I caught up with I AM LOVE this afternoon, and loved it, even the burpy final 30 minutes. *Especially* the burpy final 30 minutes! Loud music and lots of heartbroken actors crying do it for me every time, I guess.

JB said...

Thanks, Paul. Your support, as always, is appreciated. And I don't think I'll stop working for Vue any time soon. I'm poor!

I'm glad you were also swept up in I AM LOVE. I'm looking forward to going to see it again. The thing about the ending for me boils down to my essentially buying in to everything up to it, and then just not buying into the final confrontations (though I'll be curious to see how it sits with me on second viewing).

But if any musical accompaniment could make it work it would definitely be John Adams'. I finally caught up with SHUTTER ISLAND last night and the Adams stuff used in that movie is also quite quite commanding, even when used in a context that makes it seem hysterical. (Oh my god! The ferry's docking!) Of course, we are talking about a movie that takes place on an island asylum, which is even more potentially hysterical than a mansion full of repressed Italians.

Paul Matwychuk said...

I thought about SHUTTER ISLAND as well during I AM LOVE — I'm not enough of a musicologist to parse it all out, but you're certainly aware as you watch those movies that there's something *different* about those scores, something grander and more complex than you get in typical film scores. I agree that the music in both films borders on the hysterical, but I kind of like that berserk quality — especially since both films contains imagery that justifies all the sturm und drang on the soundtrack.

JB said...

Glancing at Adams' credits, I'm not sure if he's actually composed any original music for feature films--my understanding is that what we hear in I AM LOVE and SHUTTER ISLAND are reworkings of existing material. I don't know that much about him, but I'm hoping that these two big movies featuring his work might be the harbinger of things to come, meaning some original scores. There's obviously a very strong dose of Glass and Steve Reich, but there's that added, romantic strain of Bernard Herrmann bombast to what we hear in I AM LOVE and SHUTTER ISLAND that I can imagine making a perfect fusion with the work of certain filmmakers. How about it, Wong Kar Wai? David Cronenberg? Terence Malick?

Paul Matwychuk said...

You're right — the Adams music in I AM LOVE was not composed for the film. There are some excerpts from NIXON IN CHINA in there, some bits from SHAKER LOOPS, and elsewhere.

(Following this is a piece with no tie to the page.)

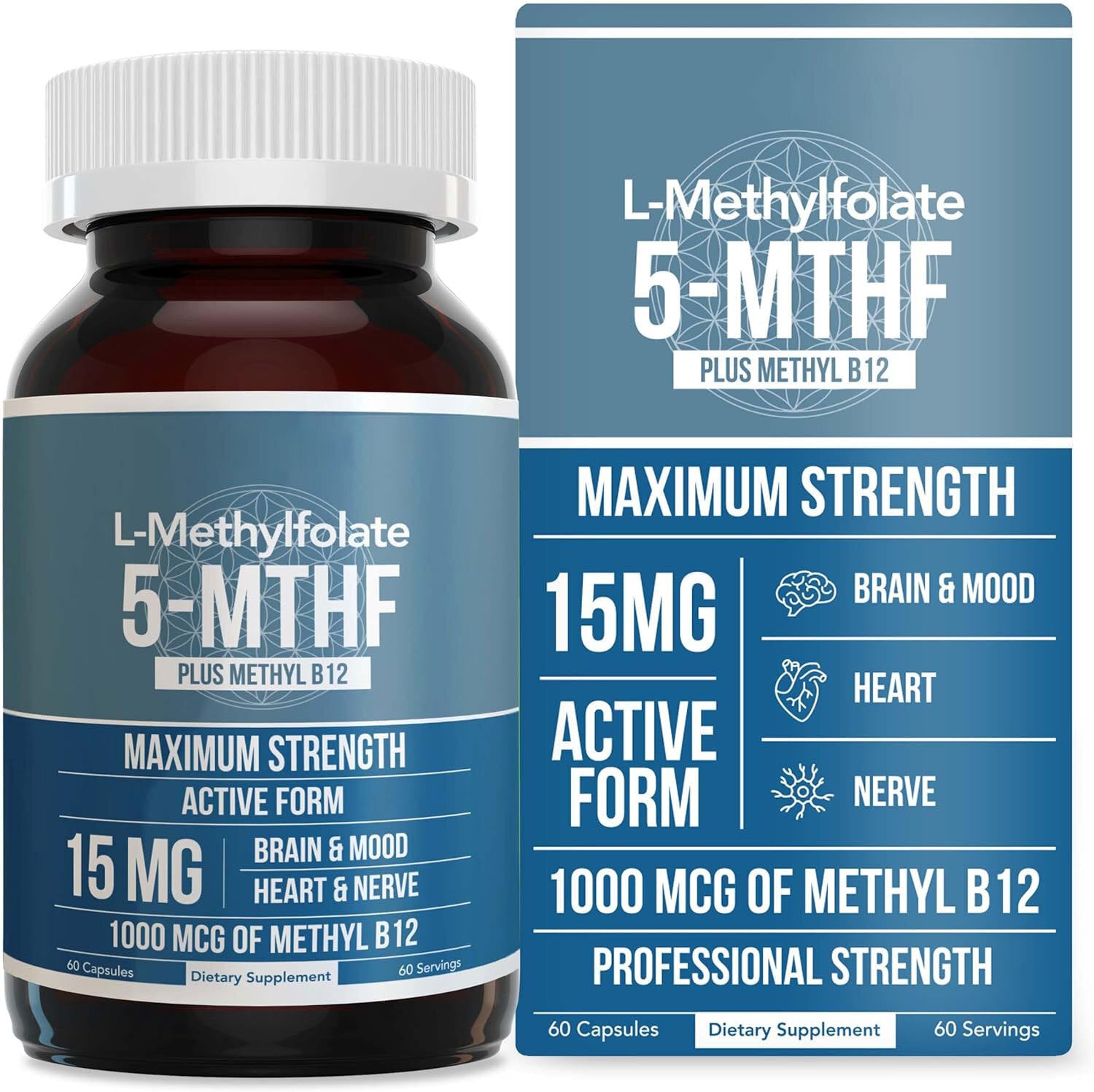 L-Methylfolate 5-MTHF Capsules - High-Potency Folate Supplement 60 Serving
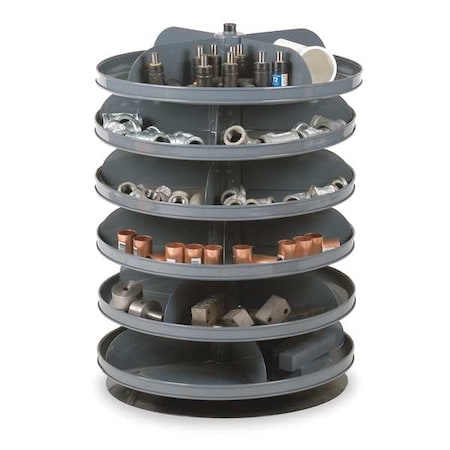 Durham Mfg Prime Cold Rolled Steel Revolving Storage Bin, 17 in D x 25 3/8 in H x 17 in W, 6 Shelves, Gray 1106-95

This topic is much on my mind lately, because I recently watched the documentary THE ART OF THE STEAL, which makes extensive use of old Philip Glass tracks, and which reminded me of what a documentary cliché Glass' music has become... thanks, Errol Morris!

I suppose I AM LOVE doesn't do anything technically different from ART OF THE STEAL, but at least Adams' music sounds fresher and less familiar by comparison. Come on, filmmakers, and stretch a little! You don't have to use Philip Glass! There's a whole wide world of John Adams and Gavin Bryars and Steve Reich out there for you!